Cuthbert's Babies
- Front cover, designed by Pamela Allen
- Author: Pamela Allen
- Illustrator: Pamela Allen
- Cover artist: Pamela Allen
- Language: English
- Genre: Children's book
- Published: 2003
- Publisher: Penguin Books Australia
- Publication place: Australia
- Media type: Print (paperback)
- Pages: unpaginated (28)
- Awards: 2004 New Zealand Post Book Award
- ISBN: 978-0143500858

= Cuthbert's Babies =

Children's Book by Pamela Allen

Cuthbert's Babies is a 2003 children's picture book written and illustrated by Pamela Allen.

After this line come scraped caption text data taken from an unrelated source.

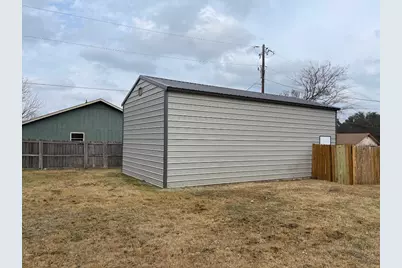 3422 Danville Drive, Cedar Park, TX 78613 - Photo 24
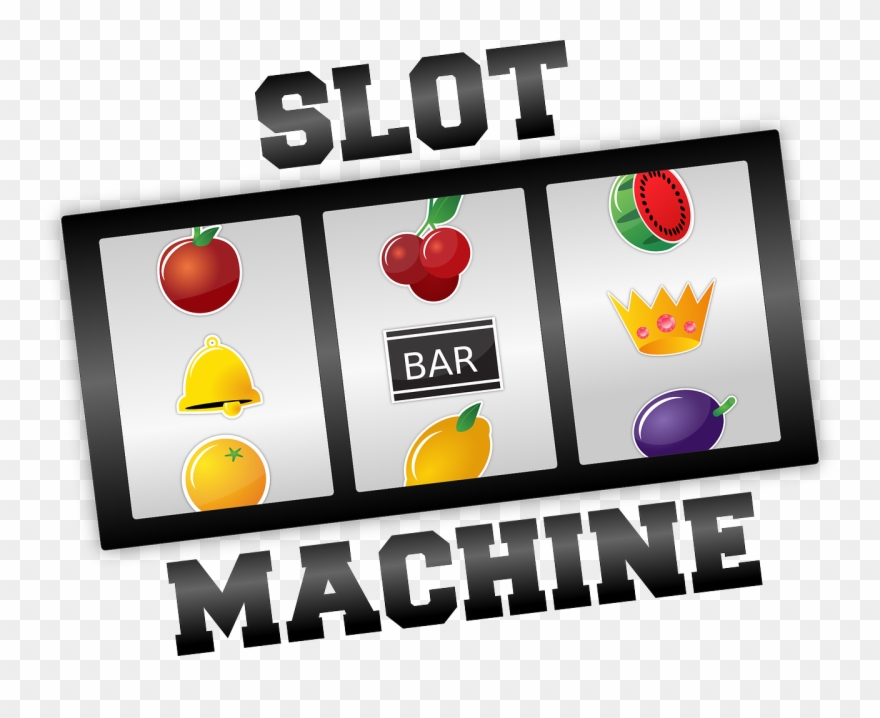 Casino Clip Art.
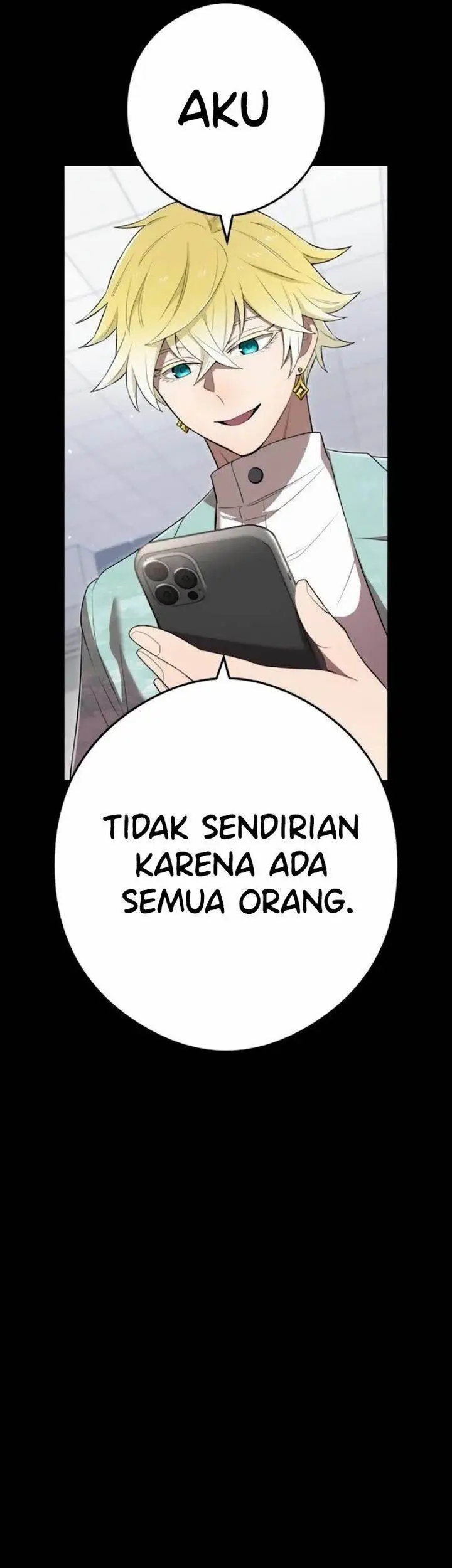 image-komik-ore-dake-saikyou-chouetsusha-zen-sekai-no-cheat-shishou-ni-mitomerareta-chapter-54-40/76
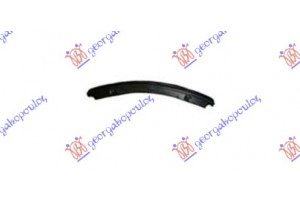Τραβερσα ΠΡΟΦΥΛ. ΕΜΠ. (ΠΛΑΣΤΙΚΗ) Bmw Series 3 (E46) Sdn 99-02 - 060403840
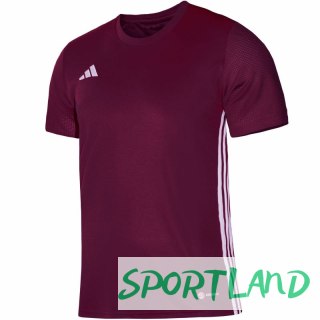 Koszulka adidas Tabela 23 Jersey M IB4928 L
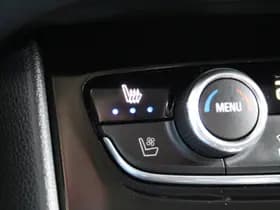 Opel Grandland X 1.6 Turbo Hybrid Innovation thumbnail 43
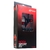 NG-BT300 // AURICULARES NOGA SPORT FIT - Noganet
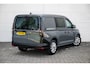 Volkswagen Caddy Maxi Cargo 2.0 TDI 122pk DSG |ACC|LED|Cockpit|Navi|Camera|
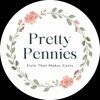 prettypennies_1
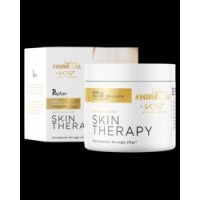 Skin Therapy 270 гр | Hero.Lab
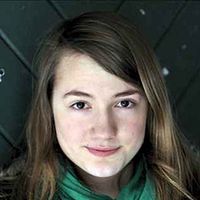 Bilder Isabel Christine Andreasen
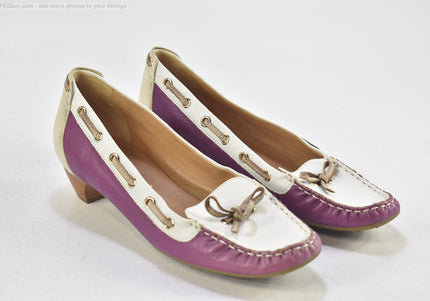 Högl  Damen Pumps High Heels  UK 6 Nr. 25-J 830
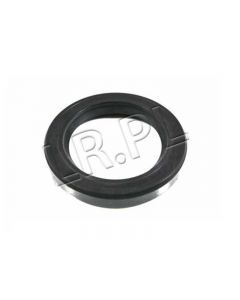 Simering kuli wewnętrzny LR SIII - 217400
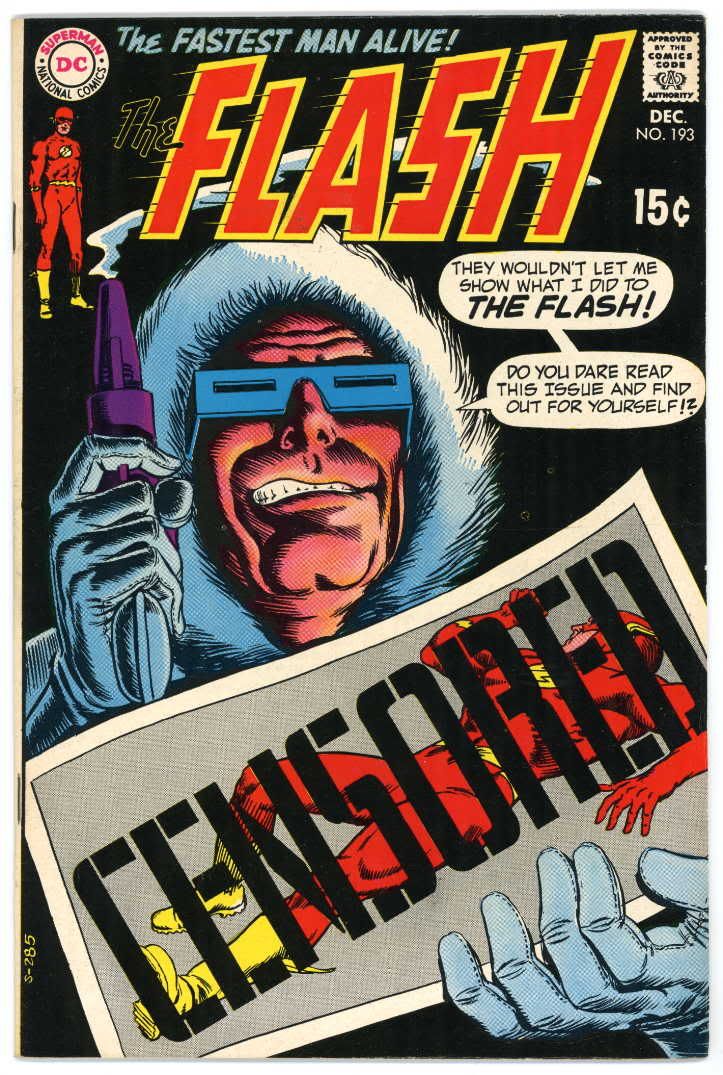 Flash-V1-193.jpg
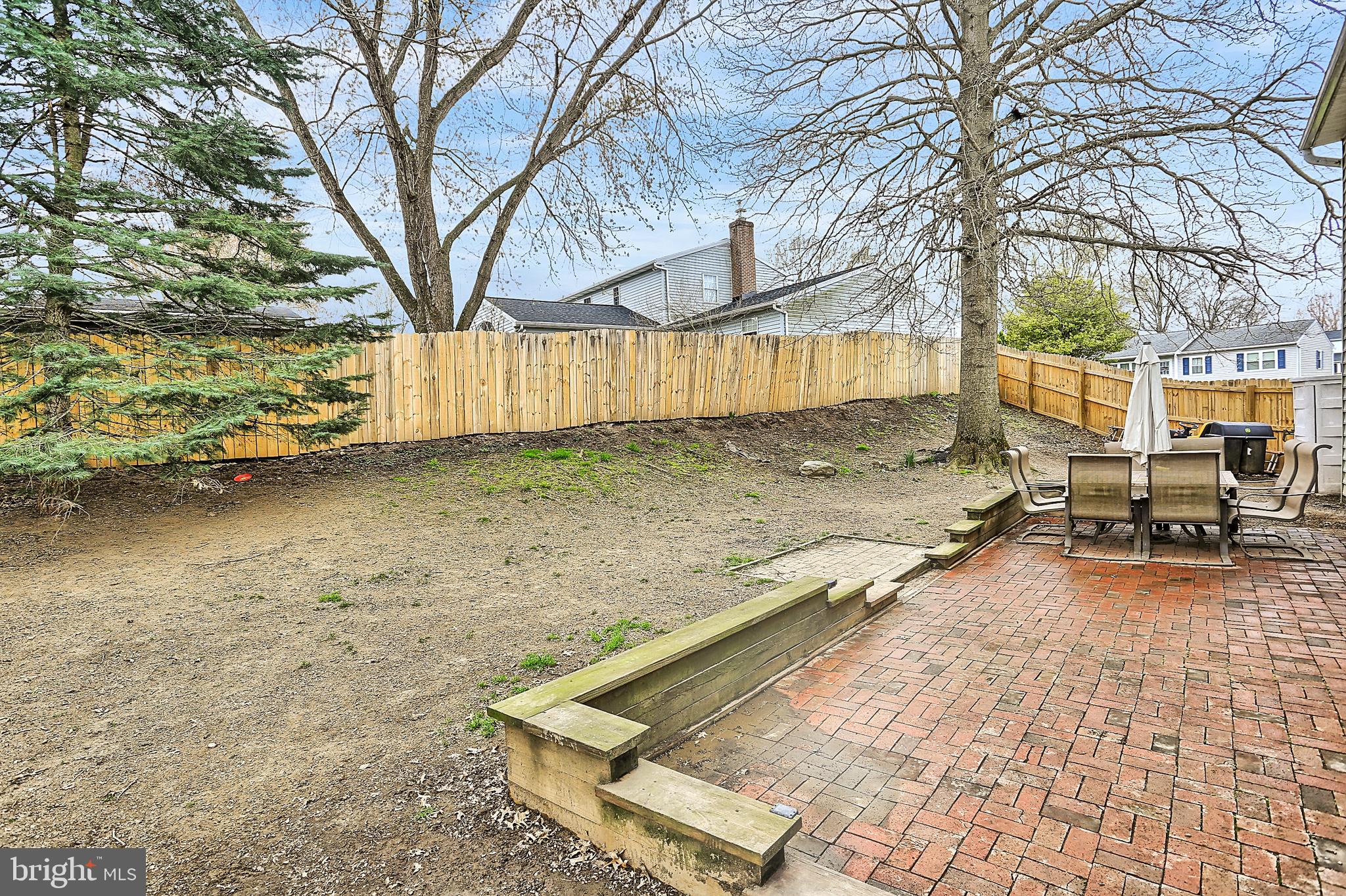 211 Brookline Road Lancaster, PA 17603 - Photo 44 of 45 Gallery Image 44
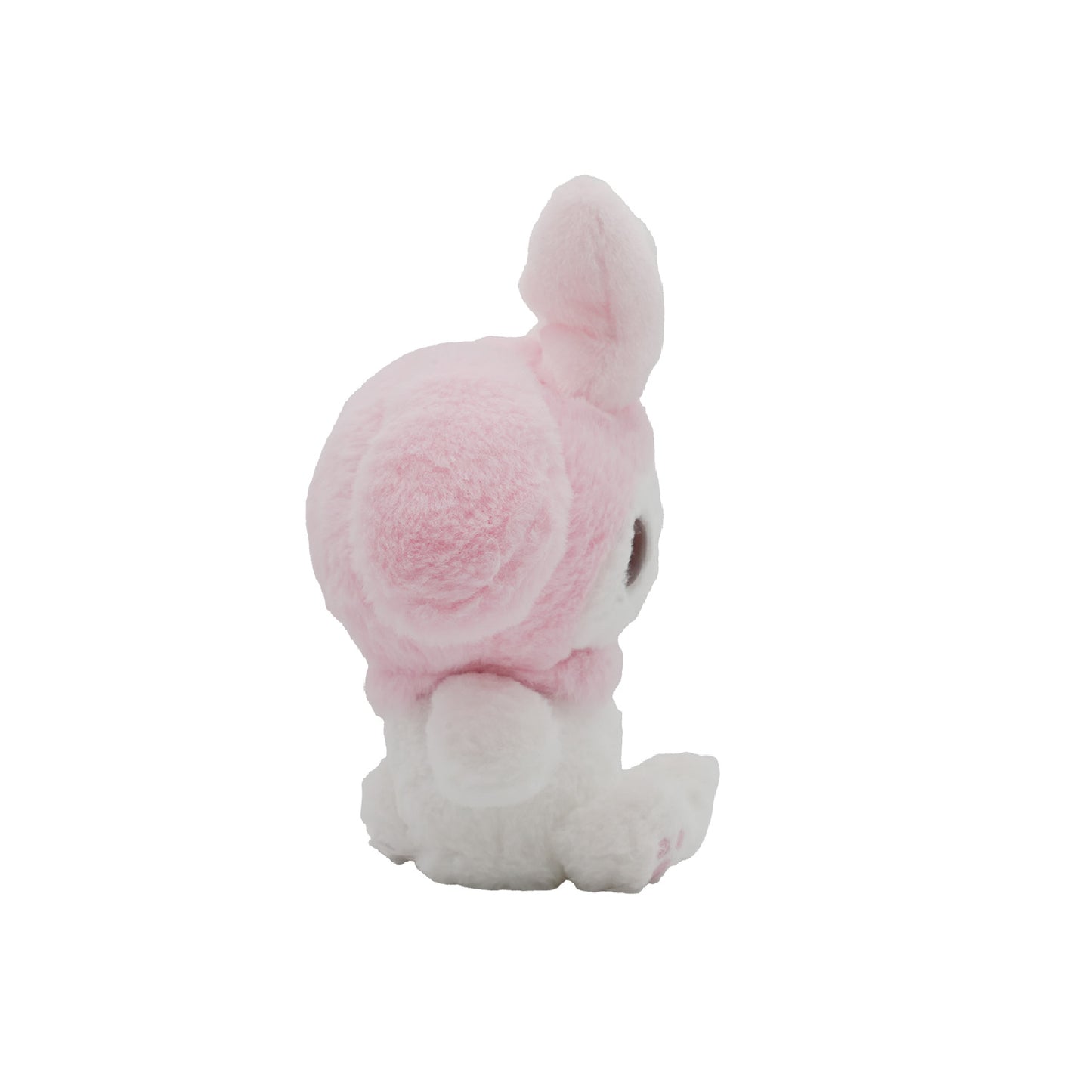 サンリオ ほわほわ マイメロディS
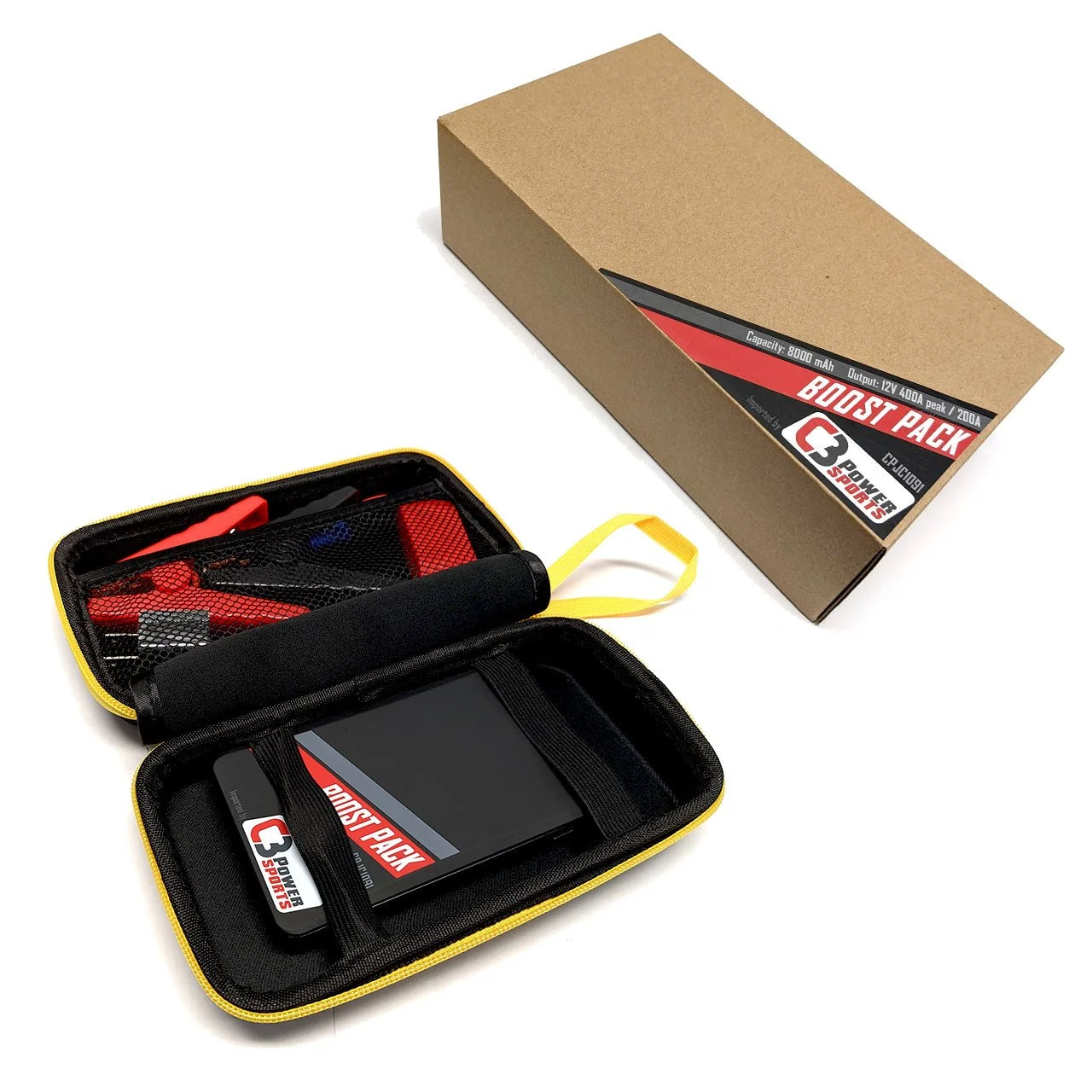 1091packaging.jpg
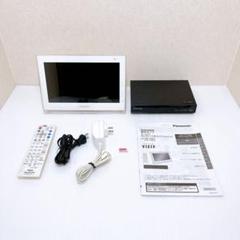 2025年最新】UN-10E5の人気アイテム - メルカリ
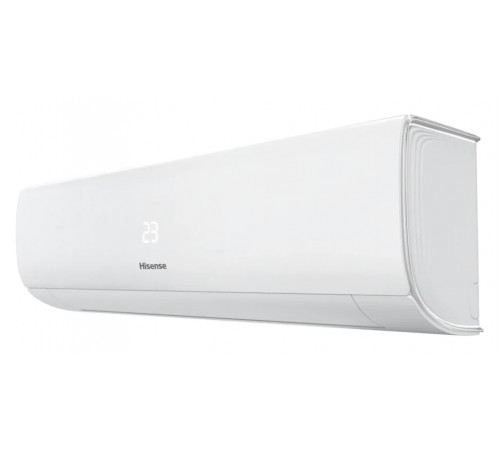 Внутренний блок Hisense AMS-12UW4RXRKB00 Wi-Fi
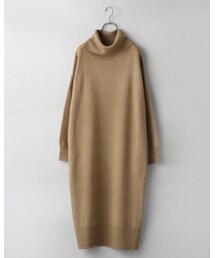 JEANASIS | ニット/セーター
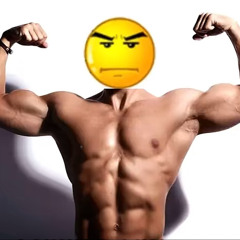 ChillyGuy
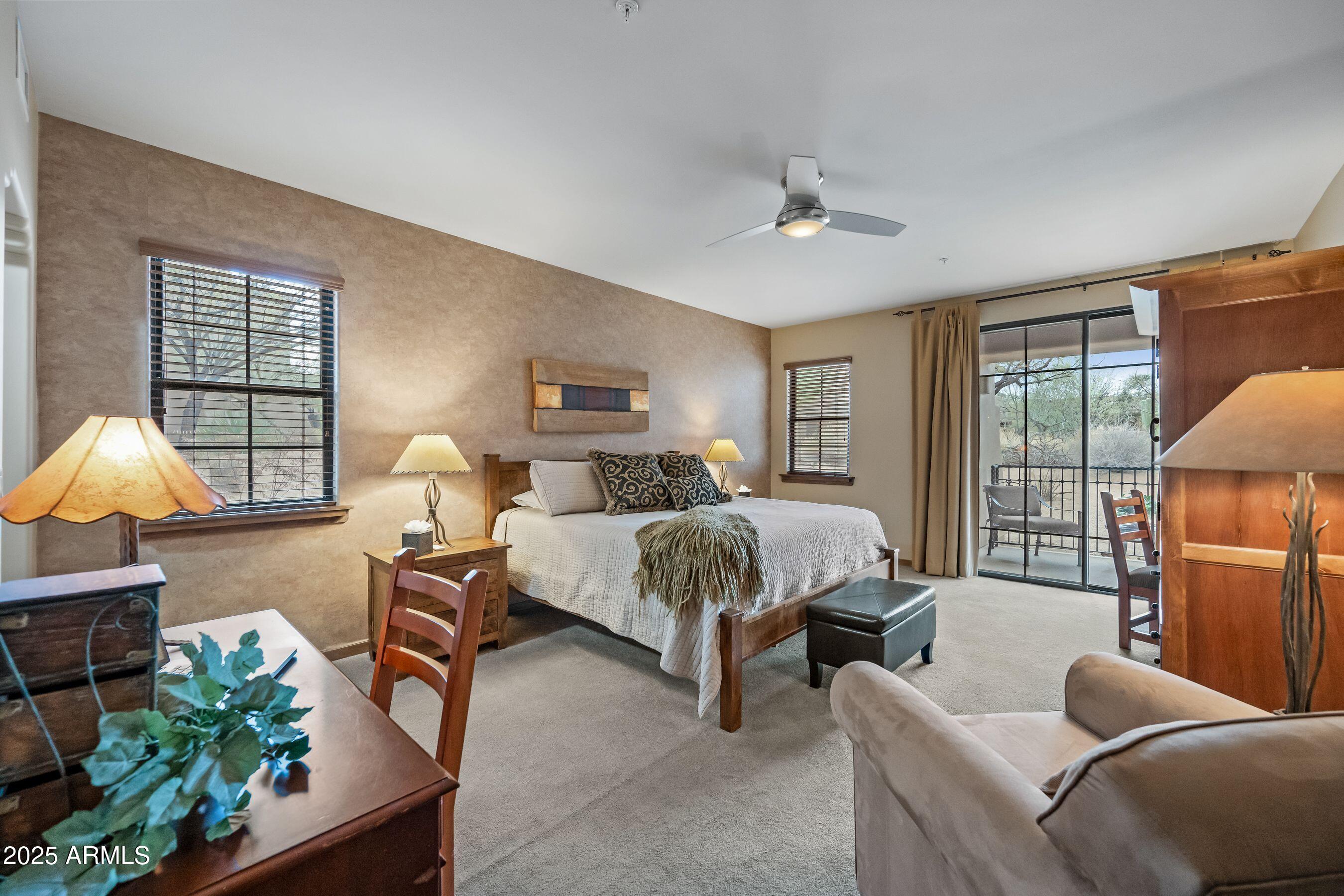 Village at Carefree - Residential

Published by Penguin Books Australia, It is about a boy who resents the arrival of baby quadruplets and how he accepts them.

== Reception ==
Cuthbert's Babies has been reviewed by Reading Time and Good Reading magazine that wrote "Although not remarkable, this is another solid book from a favourite Australian author/illustrator." while The New Zealand Herald called it "a hilarious tale".

Miyuki Hisaoka in discussing "social roles within a family structure" noted that "Cuthbert's Babies arrives at an analogous conclusion, with Cuthbert and his mother lying on his bed reading a book together in a reprise of the opening page" and "that readers can align with Cuthbert's feeling of alienation without particularly empathizing with him".

It has also been used in schools, was on the 2004 Storylines Notable Book Awards Picture Books List. and won the 2004 New Zealand Post Book Award in the Picture Book category.